On our drive out to our hike Tom and I spotted a total of four antelope, all fairly close to the road: one group of 3 and one lonely fellow about 30 miles later. I’m pretty sure this was a good omen since we had a fantastic day exploring new sections of the Paunsaugunt Plateau. The Paunsaugunt is an uplifted area famous as the location of Bryce Canyon National Park, but much of the rest of the plateau is part of Dixie National Forest and in my opinion, just as beautiful. The section that is in the national park generally has less erosion of the hoodoos that are exposed along the plateau’s edges, but I prefer the dramatic vistas and healthy forest in the other parts. Not to mention that I can hike all day wherever I want without seeing anyone. Oh, and fun fact: Paunsaugunt means “land of the beavers” in Pauite.

In any case there is a lot of this area that neither of us has seen so we decided to head that way since the recent late spring snow had melted. We started by heading out along the East Fork of the Sevier River Scenic Backway which, as you might expect, parallels the river until you reach the dam and the mile-long Tropic Reservoir. Once past the lovely reservoir we turned off the graded gravel onto less developed dirt roads and the adventure began. We actually drove quite a ways before deciding to stop and walk – though deciding is not quite the right word since what happened was that we suddenly encountered steep, snow-covered switchbacks that were impassable. We parked and began walking up the hill at this point; lucky for us the snow almost disappeared once we started crossing more exposed areas. Plenty of mud in some places though.

In characteristic fashion we veered off the road after a mile and found ourselves an incredible overlook with hundreds of hoodoos below and views for miles. Hiking up the limestone to the top of the amphitheater brought us to 9,200 feet. We continued walking for another 3ish miles after we had our fill of the bowl and found ourselves more views and more hoodoos as we circle the edge of the plateau.

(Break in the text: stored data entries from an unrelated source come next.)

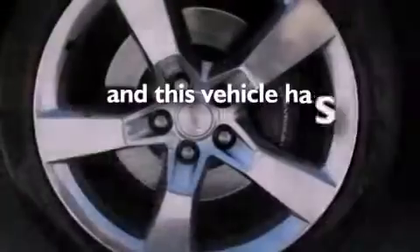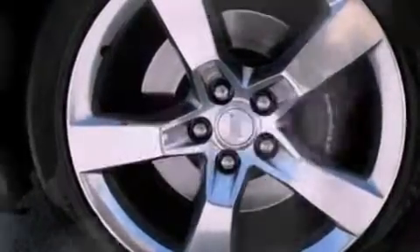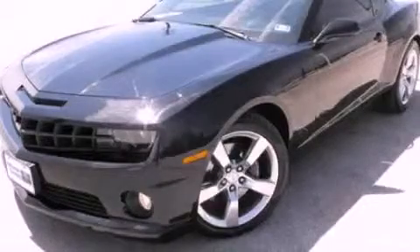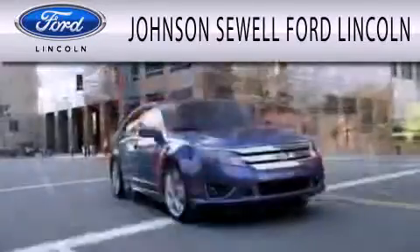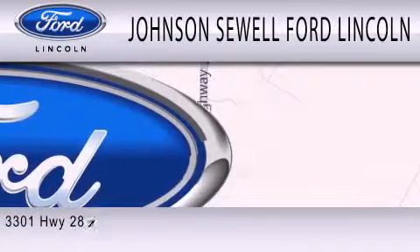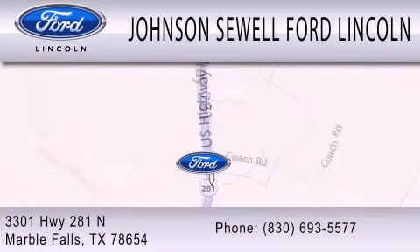This vehicle has fewer than 39,000 miles on the odometer. Contact us today to schedule your opportunity to see this automobile in person. Johnson Sewell Ford Lincoln is dedicated to doing everything possible to ensure that the experience you have selecting your next vehicle is as pleasant as possible. We are located at 3301 Highway 281 North in Marble Falls.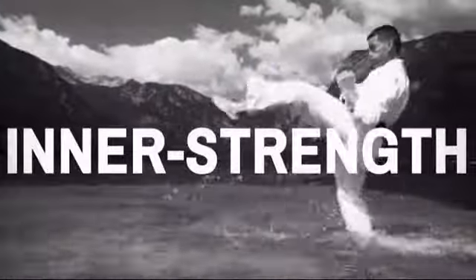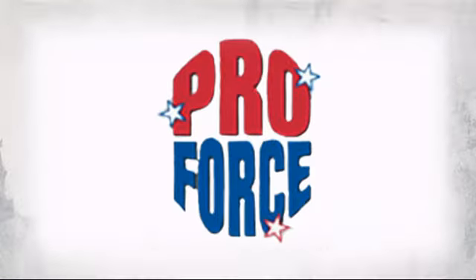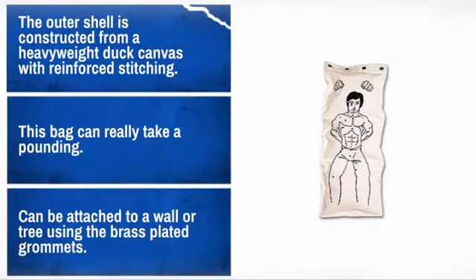Get quality and performance at a great price with this awesome design made by ProForce, the leader in human contact sport. With high-quality materials and craftsmanship, it is sure to meet your needs.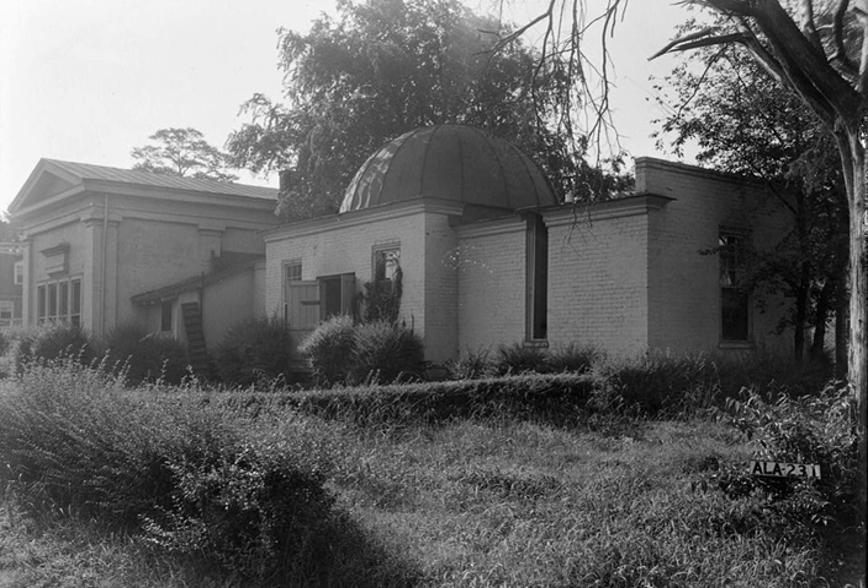The Greek Revival-style observatory building was completed in 1844, though the equatorial-mounted Troughton and Sims 8-inch refracting telescope was not mounted until 1849. The observation room was built with a large central section capped by a revolving 18-foot diameter dome. At the west end of the building was a transit instrument room with a north-south slit in the roof. Opposite the transit room was an office. The transit room contained a Troughton and Sims transit circle with a 4-inch objective and a focal length of 5 feet.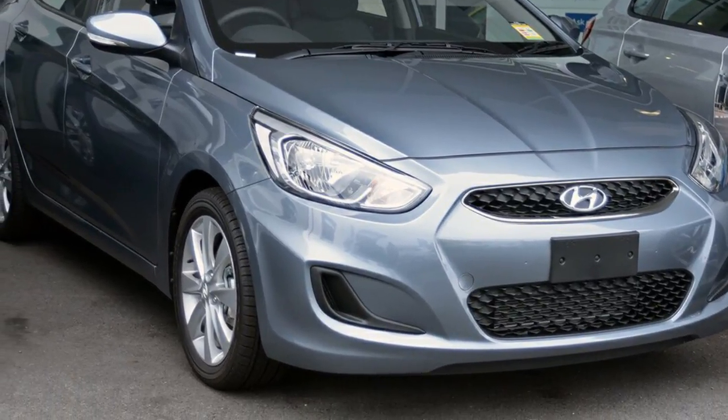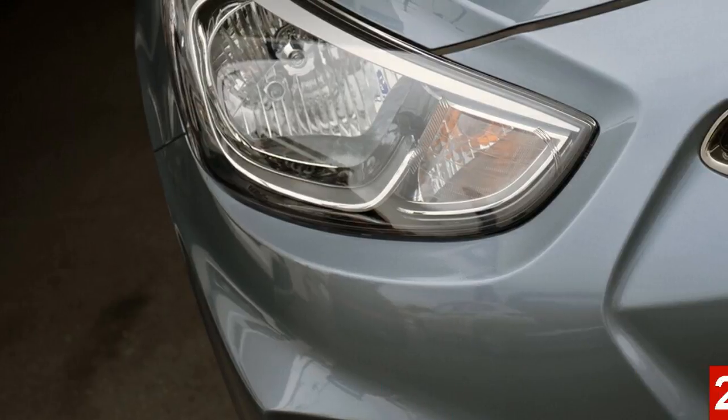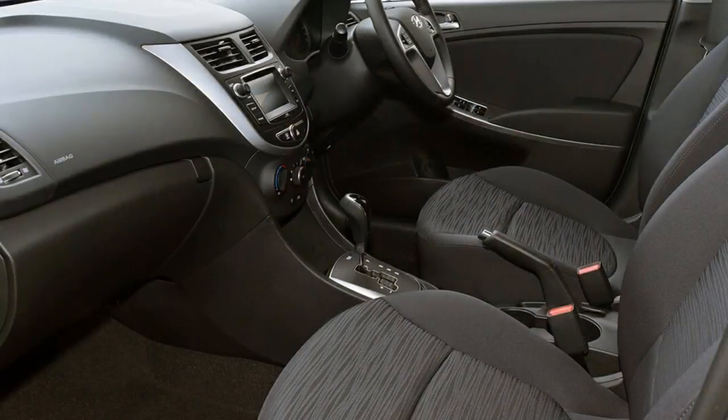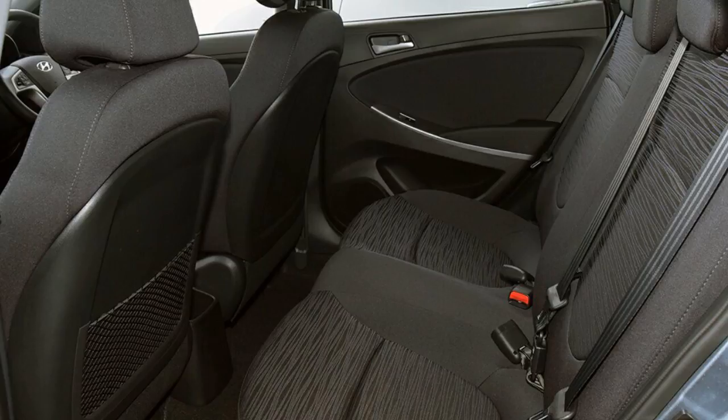Look no further than this Hyundai Accent. This Accent has an efficient 2.0-litre engine. The attractive silver exterior is complemented by its stylish interior. This vehicle has all the features you could dream of, and more.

We stayed close to or on the forest roads while walking since we were unfamiliar with the terrain but since the road seemed to more or less follow the rim of the plateau we had ample opportunities for views and cross-country exploring without having to worry about getting lost.
Too soon it was time to turn around but we had another surprise for us on the return – a horny toad. They aren’t all that uncommon or anything but I happen to think they’re cute in a weird way. Plus he/she provided a bookend to a lovely day that had begun with antelope sightings.